The Webster brothers know that money doesn’t grow on trees; however, in the last few years they’ve successfully expanded their family’s 200-acre orchard into a profitable online business.
In 1942, L. Scott and Addison K. Webster’s grandfather started Webster Orchards in Hood River, Oregon. In 1999, the brothers took over the orchard, but added a technological twist. They turned the orchard into a gourmet fruit gifting business and launched it online as The Fruit Company. “Within an hour of getting The Fruit Company online we had our first sale, and we’ve had them every day since,” Scott explains.
The Fruit Company offers high-quality products online—using fruit from their orchards that is usually reserved for the premier foreign markets. In its first year The Fruit Company sold about 550 gifts, and Scott estimates they will sell 25,000 gifts in 2003. Part of their success has come from their recent recognition in Oprah Magazine and partnerships with 1800flowers.com and Amazon.com, which also sell The Fruit Company’s gifts on their web sites.
When Scott was a Marriott School student he enrolled in a course on family businesses. That class, he says—along with other entrepreneurial classes and his work experience—helped him and his brother take the reigns of their family’s business.
After graduating from the Marriott School with his BS in finance in 1992, Addison took a job working for an accounting firm in Yakima, Washington. Scott, who earned his degree in accountancy in 1995, worked as director of sales and marketing for a software company in Boston. When they had a few years of real-world work experience, they took over the orchard operation—with Scott as CEO and Addison as CFO.
Jared Sidwell, a 1995 business marketing graduate, attended the Marriott School with Scott. After graduation, Sidwell worked in Boston as a director in the software industry.
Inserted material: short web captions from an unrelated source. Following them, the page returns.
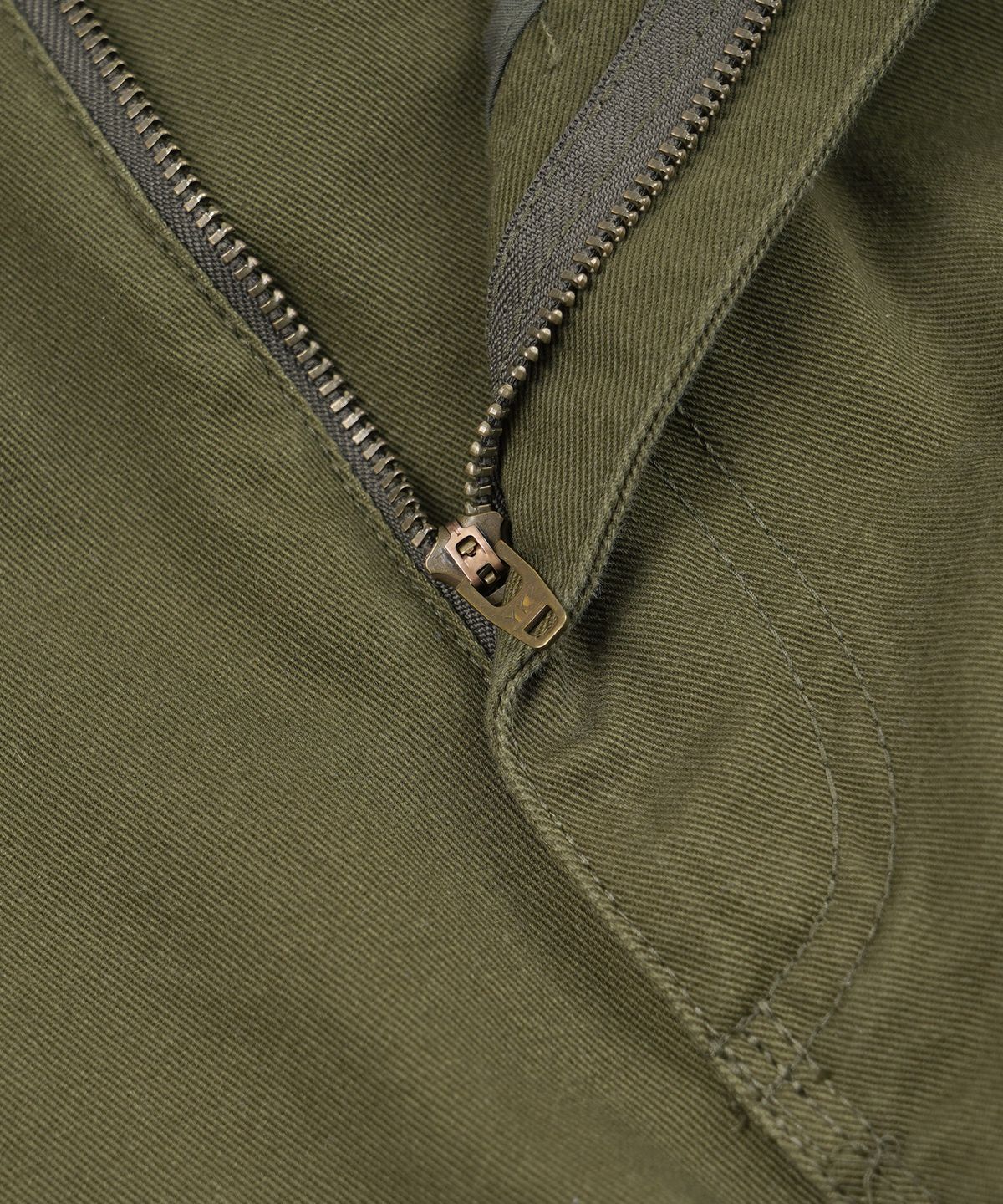 프리즘웍스(FRIZMWORKS) CHINO M65 FIELD PANTS _ OLIVE
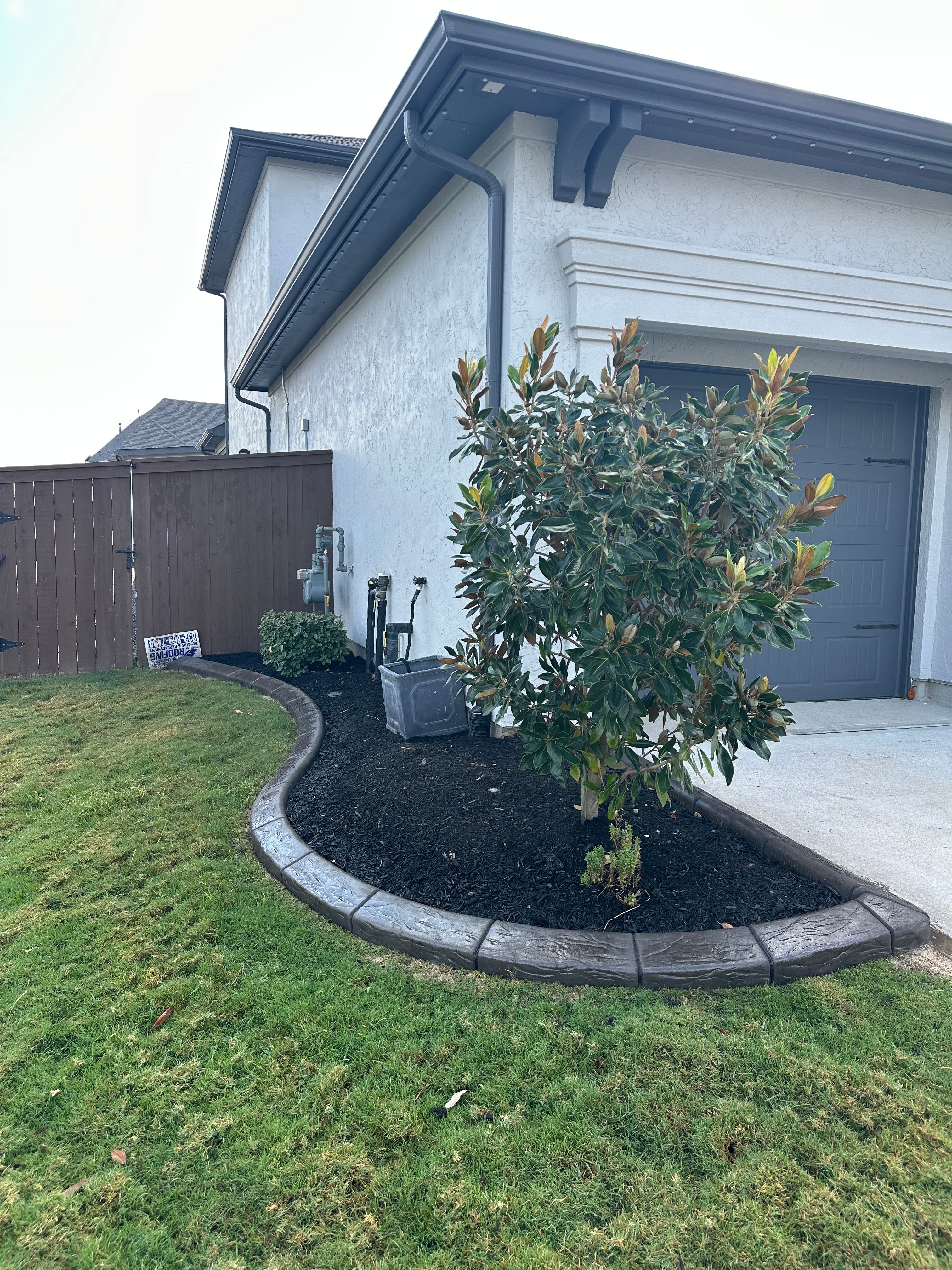  for Texas Curb N Borders in Houston, TX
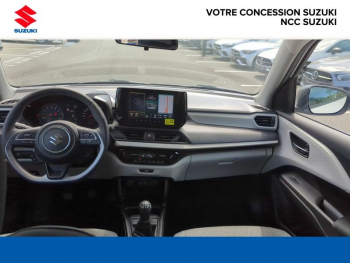 Photo 14 du bon plan SUZUKI Swift 1.2 Hybrid 83ch PrivilÃ¨ge occasion à 18990 €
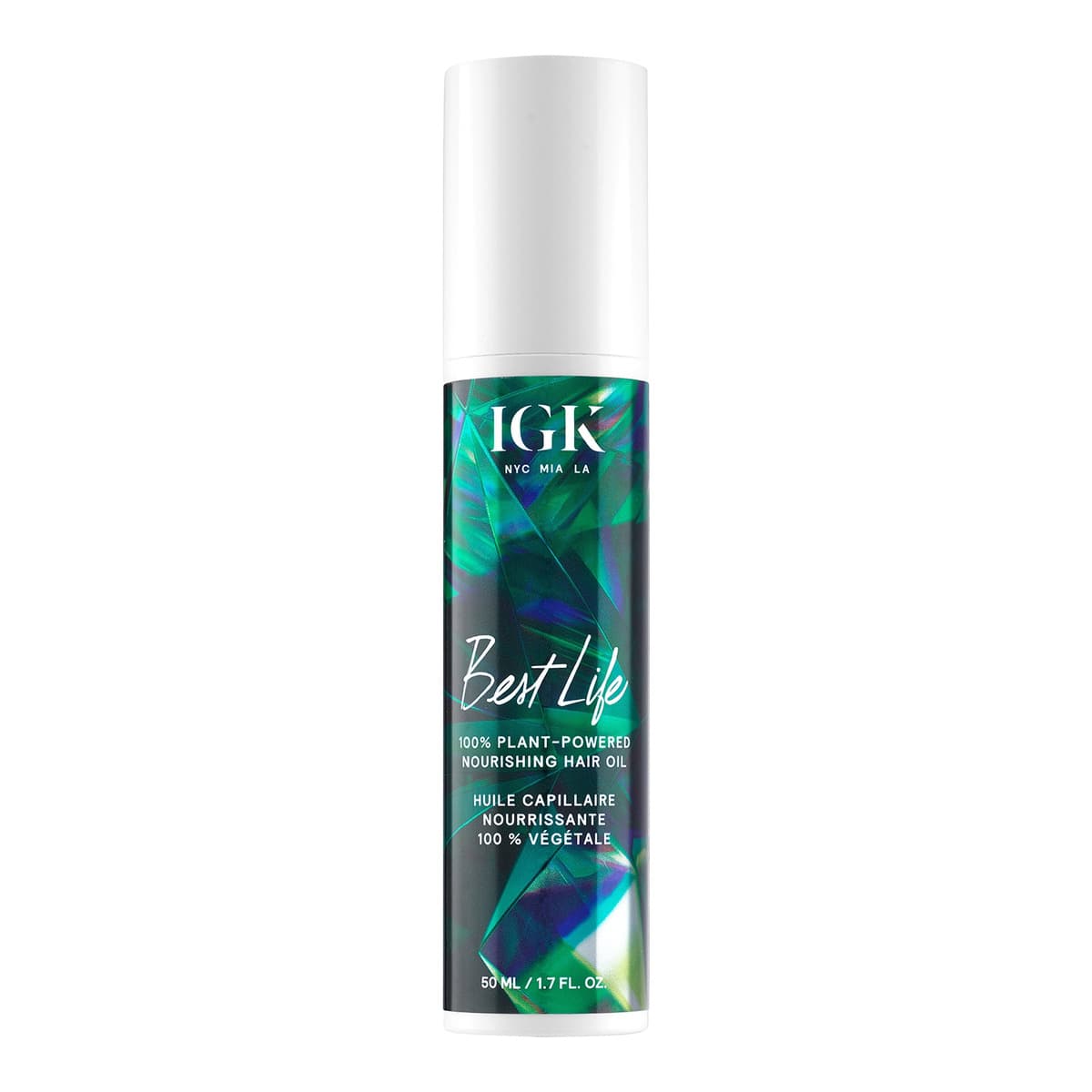 Best Life Hair Oil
He kept in touch whith Scott when he went back to Oregon and in May 2003 Sidwell joined The Fruit Company as director of corporate sales. “The Fruit Company has experienced phenomenal growth, and I feel honored and privileged to be involved in something that will preserve the legacy of the Webster family,” he says.
Despite the difficulties the brothers experienced as they transformed their family’s orchard business into a million-dollar gifting company, they are grateful for the lessons and success they have experienced. “It has been challenging, but it’s been much more rewarding than challenging,” Scott says. “My brother and I have become much closer working through business challenges.”